Section 2 source distribution terms (was Re: GPL vs APSL (was: YAPL is bad))
Karsten M. Self
kmself at ix.netcom.com
Tue Sep 25 18:27:17 UTC 2001
on Tue, Sep 25, 2001 at 11:59:10AM -0400, Greg London (greglondon at oaktech.com) wrote:
> It seems to me that the MIT does not meet item #2 of the OSD, then.
> The APSL goes above and beyond #2 requirements. But the MIT license
> seems to fall short.
The MIT license allows for distribution of source. This is in
compliance with the OSD. You raise a reasonable but small point.
The OSD is used to ceritfy licenses, not distributions under a license.

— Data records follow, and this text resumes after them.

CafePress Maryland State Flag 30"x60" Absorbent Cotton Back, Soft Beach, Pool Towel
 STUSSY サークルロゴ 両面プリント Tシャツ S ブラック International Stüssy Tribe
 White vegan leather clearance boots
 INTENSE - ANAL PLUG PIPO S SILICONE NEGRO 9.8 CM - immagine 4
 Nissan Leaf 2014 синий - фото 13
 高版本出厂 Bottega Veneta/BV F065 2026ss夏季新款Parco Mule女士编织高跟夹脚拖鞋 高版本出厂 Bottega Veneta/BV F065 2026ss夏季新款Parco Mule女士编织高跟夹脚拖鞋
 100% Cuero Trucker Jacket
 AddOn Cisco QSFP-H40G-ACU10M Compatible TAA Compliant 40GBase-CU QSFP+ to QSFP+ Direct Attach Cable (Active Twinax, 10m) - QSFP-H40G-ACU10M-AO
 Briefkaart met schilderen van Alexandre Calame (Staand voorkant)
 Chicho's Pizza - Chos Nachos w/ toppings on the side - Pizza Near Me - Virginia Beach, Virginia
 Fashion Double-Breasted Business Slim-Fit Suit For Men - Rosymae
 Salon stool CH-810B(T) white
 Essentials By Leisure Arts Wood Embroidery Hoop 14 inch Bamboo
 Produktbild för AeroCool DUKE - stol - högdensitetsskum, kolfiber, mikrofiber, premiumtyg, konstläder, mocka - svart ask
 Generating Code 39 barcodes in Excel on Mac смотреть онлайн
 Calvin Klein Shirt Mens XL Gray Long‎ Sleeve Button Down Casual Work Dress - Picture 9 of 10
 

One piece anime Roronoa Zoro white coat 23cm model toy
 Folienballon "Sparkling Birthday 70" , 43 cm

However, the language of section two speaks to the program and
distribution of same, under a license. It seems to me that either the
OSD should restrict itself to discussing licenses, or qualify licenses
which may be used in a proprietary sense by discussing a qualifying
The reason for this confusion, I suspect, is the OSD's origin as the
DFSG: the Debian Free Software Guidelines. The DFSG is the guiding
principle that governs inclusion of packages within the core Debian
distribution. As such, it applies to distribution of programs, which is
to include the interaction of license on actual distribution.
2. Source Code
The program must include source code, and must allow distribution in
source code as well as compiled form. Where some form of a product
is not distributed with source code, there must be a well-publicized
means of obtaining the source code for no more than a reasonable
reproduction cost -- preferably, downloading via the Internet
without charge. The source code must be the preferred form in which
a programmer would modify the program. Deliberately obfuscated
source code is not allowed. Intermediate forms such as the output
of a preprocessor or translator are not allowed.
2. Source Code
The license most provide for distribution in source code as well as
compiled form. Where some form of a product is not distributed with
source code, there must be a well publicized means of obtaining the
source code for no more than a reasonable reproduction cost --
preferably, downloading via the Internet without charge or access
restrictions. The source code so offered must be in the preferred
form in which a programmer would modify the program. Deliberately
obfuscated source code does not qualify. Intermediate forms such as
the output of a preprocessor or translator are not allowed. For
licenses in which distribution without source is allowed, an OSD
Qualifying Distribution shall be defined as an offering of the
software, under qualifying license terms, with source or an offer of
source as described in this paragraph.
All other sections of the OSD speak in terms of "the license" or "the
rights attached to the program". Section 2 is the odd man out.